Given a 2d array, arr[][] and a piece of the chocolate bar of dimension N × M, the task is to find the minimum possible sum of the area of invalid pieces by dividing the chocolate bar into one or more pieces where a chocolate piece is called invalid if the dimension of that piece doesn’t match any given pair.

Note: A chocolate piece can be cut vertically or horizontally (perpendicular to its sides), such that it is divided into two pieces and the dimension in the given vector is not ordered i.e. for a pair (x, y) in the given vector both dimensions (x, y) and (y, x) are considered valid.

Examples:

Input: N = 10, M =10, arr[][] = {{1, 2}}
Output: 0
Explanation:
Divide the given chocolate bar of dimension (10, 10) into 50 pieces of dimension (1, 2) or (2, 1), not leaving any left over pieces, hence output is zero.

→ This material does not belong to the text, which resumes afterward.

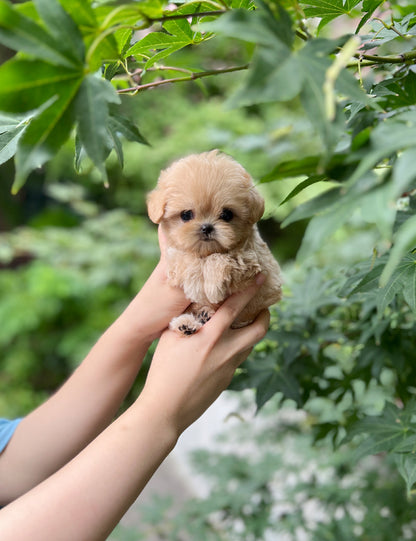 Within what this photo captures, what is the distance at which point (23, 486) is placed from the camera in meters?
0.98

Input: N = 10, M =10, arr[][] = {{3, 5}}
Output: 10



 

Naive Approach: The naive idea is to use recursion to divide the chocolate in every possible dimension by making every possible vertical or horizontal cut. Follow the below steps to solve this problem:

  • Divide the chocolate bar into all possible ways, i.e. make every possible vertical & horizontal cut one by one and for each case find a solution for the resulting pieces recursively.
  • For the base case, simply check if the current division is valid or not:
    • If it is valid then return zero.
    • Otherwise, try to divide it into valid pieces using the above approach, if it cannot be divided further into valid pieces return the area of the piece.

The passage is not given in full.